Speed Up QA Test Process in Mobile App Development with React-Native

Kevin nathaniel
Ralali Tech Stories
3 min readJan 29, 2021

Every app development needs to be tested by a QA Engineer. Flow development in mobile app development may vary. In Ralali.com, we created Pull Request(PR) and trigger CI to check our unit test passed after we develop some feature or fixing bugs. If a unit test passes and there is no duplication code or potential bug, our CI/CD will build the app and deliver it to our communication platform so our QA Engineer can test the app.

The problem is any change of code that has been developed needs to be built first before QA Engineer can test our code even if the app was built with React-native.

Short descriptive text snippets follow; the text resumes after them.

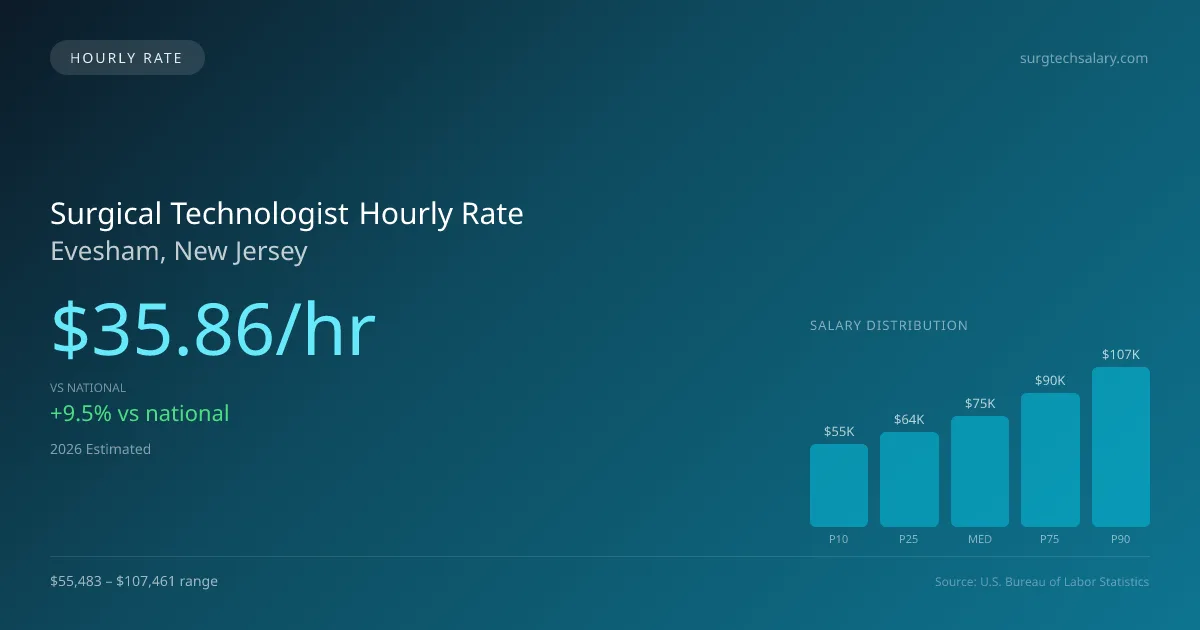 Surgical Technologist Hourly Rate in Evesham, NJ — 2026 est., based on 2025 BLS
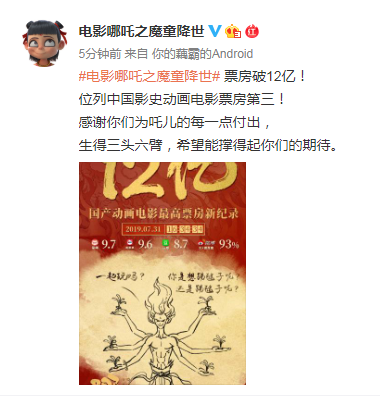 电影《哪吒之魔童降世》票房破12亿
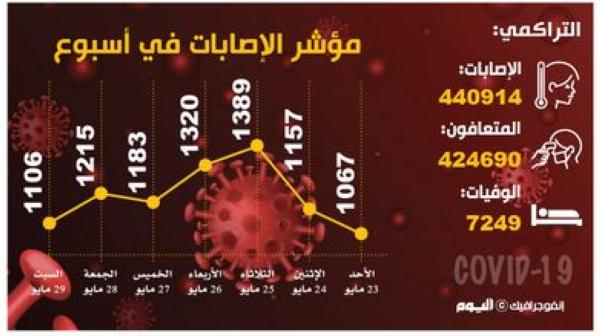 1106 إصابات بكورونا.. وارتفاع أعداد «الحرجة»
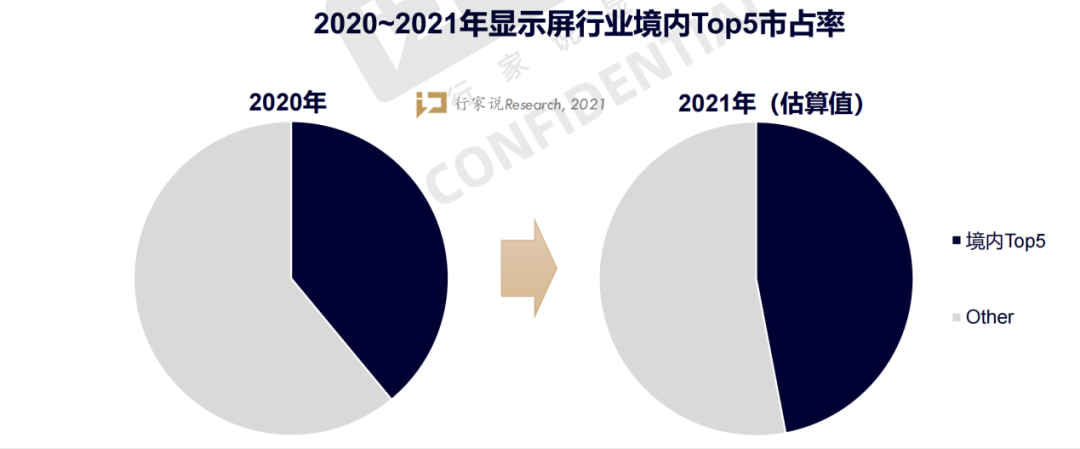开年至今需求遇冷？下半年LED显示产业如何求变？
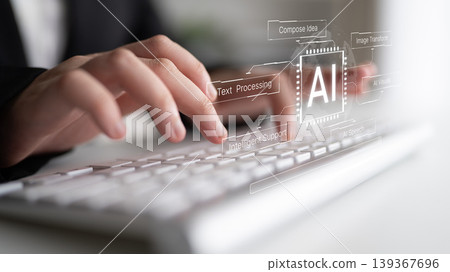 AI capabilities framework for text, speech, visuals and support. Corpus 139367696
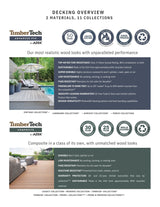 TimberTech RadianceRail Express 8-ft x 36-in Kona Composite Deck Rail Kit
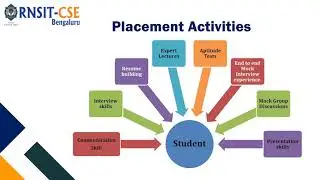 Placement CSE Review 2021 #RNSIT #CSE #BESTPLACEMENT #NO1ENGGCollge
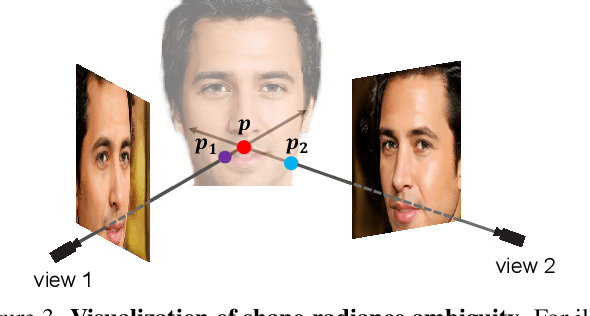 Figure 4 for Multi-View Consistent Generative Adversarial Networks for 3D-aware Image Synthesis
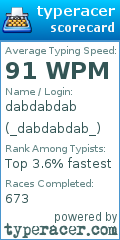 Scorecard for user _dabdabdab_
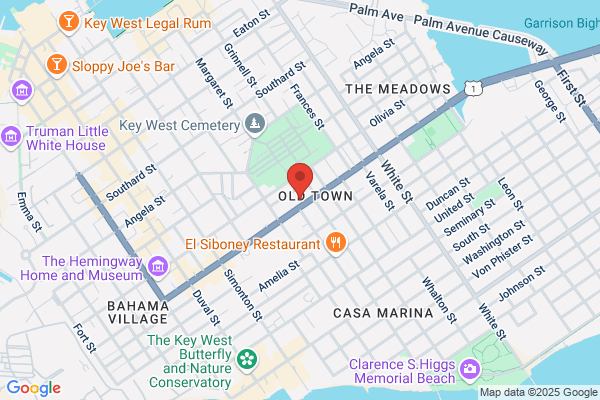 At Home In Key West Inc, Sales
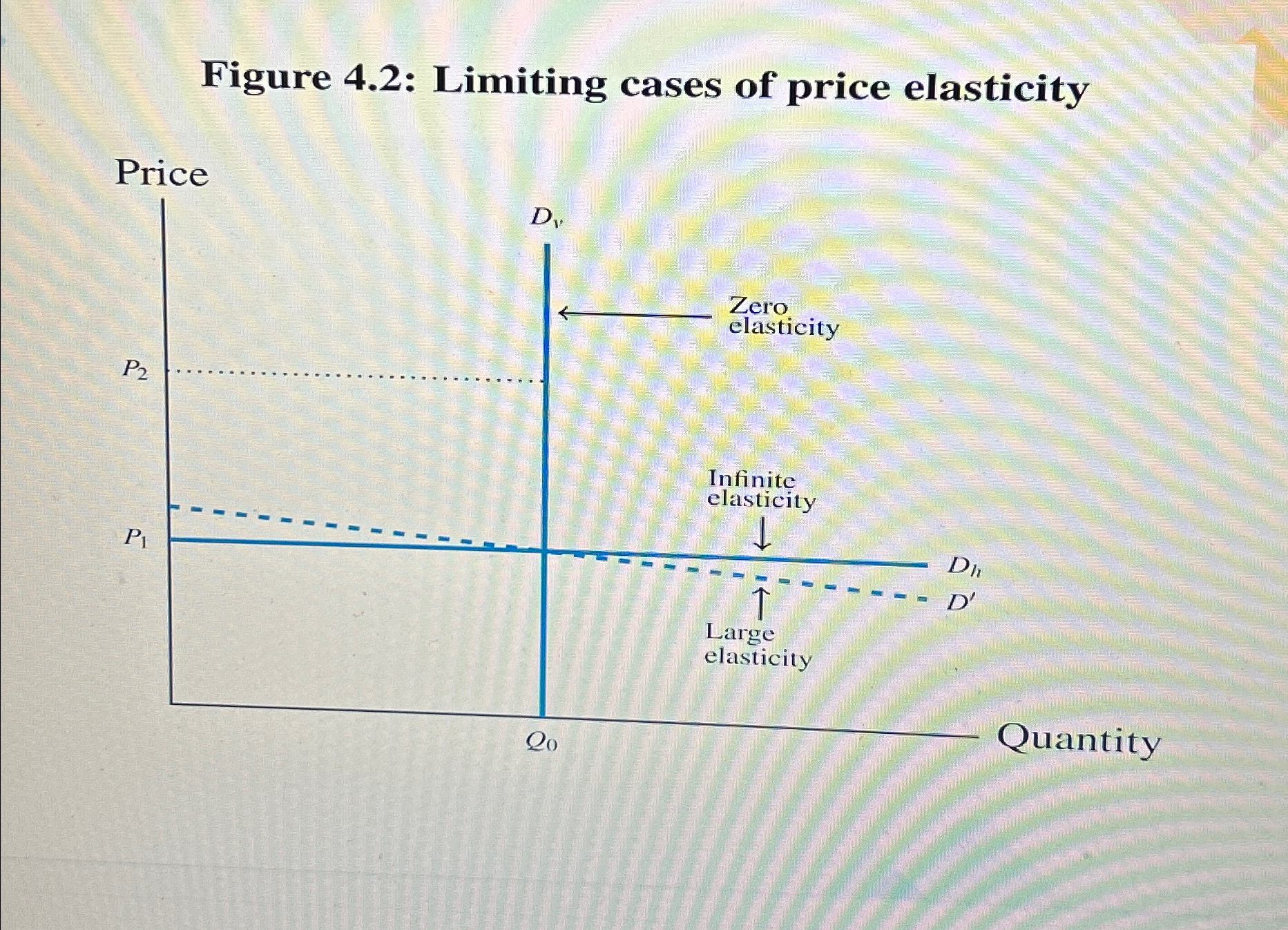Figure 4.2: Limiting cases of price | Chegg.com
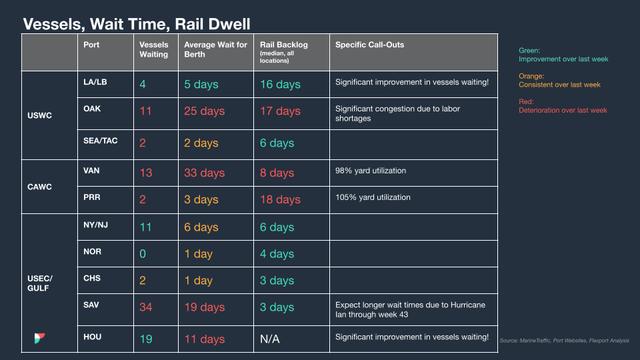 North America Vessel Dwell Times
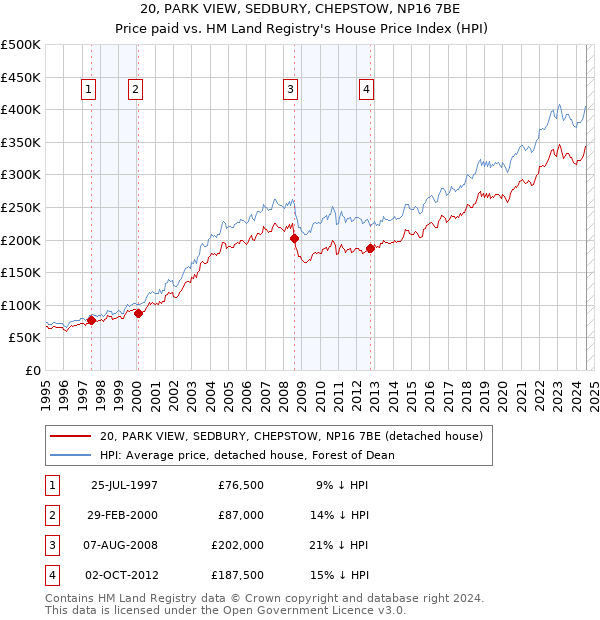 20, PARK VIEW, SEDBURY, CHEPSTOW, NP16 7BE: Price paid vs HM Land Registry's House Price Index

How do we solve the problem?

To solve this problem our mobile app team came up with a solution and created Venge. This solution can speed up QA to test our code because they didn’t need to install the app first like before, they only need to install the app one time only. So what if they want to test different pull requests?

Simple, they only need to switch bundles from within the app. This system is similar to codepush at first glance. We develop the code, upload bundles for specific versions of the app and then users get updates through codepush. The difference is users have freedom to choose what bundle that they want to switch as long as the bundle exists.

This solution came up similar to the tophatting solution that Shopify uses but we didn’t use backend services for store bundle and metadata at the moment. Shopify already uses this solution and the result is promising. It cuts time consuming experience and makes their developers load their work within seconds.

How does it work?

Venge enables the user to switch the bundle based on the ID of the bundle we want to download. We store react-native bundle on amazon S3 with specific ID as filename. Even though Venge can change a bundle easily, there are still some limitations, the biggest one is that venge can switch bundles only if we didn’t change native code or if that bundle didn’t depend on a new library that didn’t exist when that app was built.

We’re applying Venge for Big Agent app. It will be the first one to try Venge to see the result. Thus we are about to find out whether there are new limitations that we don’t know and also how much influence Venge can affects the development process.